■ About this task ■
Tally the lines in the records underneath that contain the string "multiple", and state the figure by itself.
*** Records supplied
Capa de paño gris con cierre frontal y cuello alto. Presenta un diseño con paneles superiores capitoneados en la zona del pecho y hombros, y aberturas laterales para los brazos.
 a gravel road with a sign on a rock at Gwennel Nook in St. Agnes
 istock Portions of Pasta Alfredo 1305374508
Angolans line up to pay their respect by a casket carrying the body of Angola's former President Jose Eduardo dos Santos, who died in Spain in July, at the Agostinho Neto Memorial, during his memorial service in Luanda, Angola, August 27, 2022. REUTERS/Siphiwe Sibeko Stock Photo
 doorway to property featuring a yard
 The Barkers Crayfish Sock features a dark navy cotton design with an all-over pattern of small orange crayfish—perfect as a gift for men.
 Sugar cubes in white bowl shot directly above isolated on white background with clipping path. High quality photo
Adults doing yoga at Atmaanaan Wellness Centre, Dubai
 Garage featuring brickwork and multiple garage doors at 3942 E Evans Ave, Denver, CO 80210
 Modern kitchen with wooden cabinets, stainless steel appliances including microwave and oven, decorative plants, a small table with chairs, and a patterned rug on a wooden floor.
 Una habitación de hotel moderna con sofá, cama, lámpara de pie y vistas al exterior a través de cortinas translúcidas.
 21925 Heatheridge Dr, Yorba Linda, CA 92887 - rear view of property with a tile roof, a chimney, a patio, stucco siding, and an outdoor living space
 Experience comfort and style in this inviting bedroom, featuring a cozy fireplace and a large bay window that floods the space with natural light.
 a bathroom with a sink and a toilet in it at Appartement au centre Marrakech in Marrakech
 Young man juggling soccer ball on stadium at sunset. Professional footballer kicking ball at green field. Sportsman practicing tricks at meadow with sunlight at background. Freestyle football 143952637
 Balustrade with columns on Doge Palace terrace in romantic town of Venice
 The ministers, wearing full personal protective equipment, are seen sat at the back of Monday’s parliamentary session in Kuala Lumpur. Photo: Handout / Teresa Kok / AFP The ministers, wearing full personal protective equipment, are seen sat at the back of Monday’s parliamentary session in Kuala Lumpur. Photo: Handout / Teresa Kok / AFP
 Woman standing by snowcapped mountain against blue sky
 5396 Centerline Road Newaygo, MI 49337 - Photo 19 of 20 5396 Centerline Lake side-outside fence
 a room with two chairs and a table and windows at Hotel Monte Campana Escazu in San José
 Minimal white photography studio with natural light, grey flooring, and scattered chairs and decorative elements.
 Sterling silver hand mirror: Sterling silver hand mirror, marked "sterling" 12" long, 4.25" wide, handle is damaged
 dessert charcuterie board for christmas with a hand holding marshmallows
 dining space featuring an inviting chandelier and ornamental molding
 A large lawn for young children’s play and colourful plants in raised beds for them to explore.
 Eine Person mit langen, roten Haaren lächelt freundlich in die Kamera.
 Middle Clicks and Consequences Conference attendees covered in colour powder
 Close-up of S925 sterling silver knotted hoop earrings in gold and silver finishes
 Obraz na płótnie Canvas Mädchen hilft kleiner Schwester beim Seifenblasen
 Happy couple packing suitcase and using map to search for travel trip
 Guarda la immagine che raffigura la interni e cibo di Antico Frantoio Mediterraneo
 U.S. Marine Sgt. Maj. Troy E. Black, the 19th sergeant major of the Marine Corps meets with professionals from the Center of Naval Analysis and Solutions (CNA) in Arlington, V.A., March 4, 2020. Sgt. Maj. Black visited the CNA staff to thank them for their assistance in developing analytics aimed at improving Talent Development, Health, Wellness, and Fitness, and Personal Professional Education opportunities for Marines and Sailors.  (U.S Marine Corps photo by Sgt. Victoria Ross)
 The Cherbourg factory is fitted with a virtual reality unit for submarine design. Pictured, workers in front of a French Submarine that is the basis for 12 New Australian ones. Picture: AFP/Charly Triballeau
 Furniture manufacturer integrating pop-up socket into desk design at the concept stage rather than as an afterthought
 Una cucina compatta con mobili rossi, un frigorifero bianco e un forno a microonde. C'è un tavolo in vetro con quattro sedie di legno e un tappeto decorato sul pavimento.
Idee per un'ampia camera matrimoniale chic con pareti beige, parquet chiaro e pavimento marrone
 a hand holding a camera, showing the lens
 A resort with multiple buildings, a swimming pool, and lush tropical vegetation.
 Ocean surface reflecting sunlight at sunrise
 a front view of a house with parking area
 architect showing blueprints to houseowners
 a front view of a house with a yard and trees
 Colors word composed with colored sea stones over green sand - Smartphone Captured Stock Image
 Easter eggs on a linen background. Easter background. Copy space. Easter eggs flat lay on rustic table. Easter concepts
******
■ Answer for the task ■
2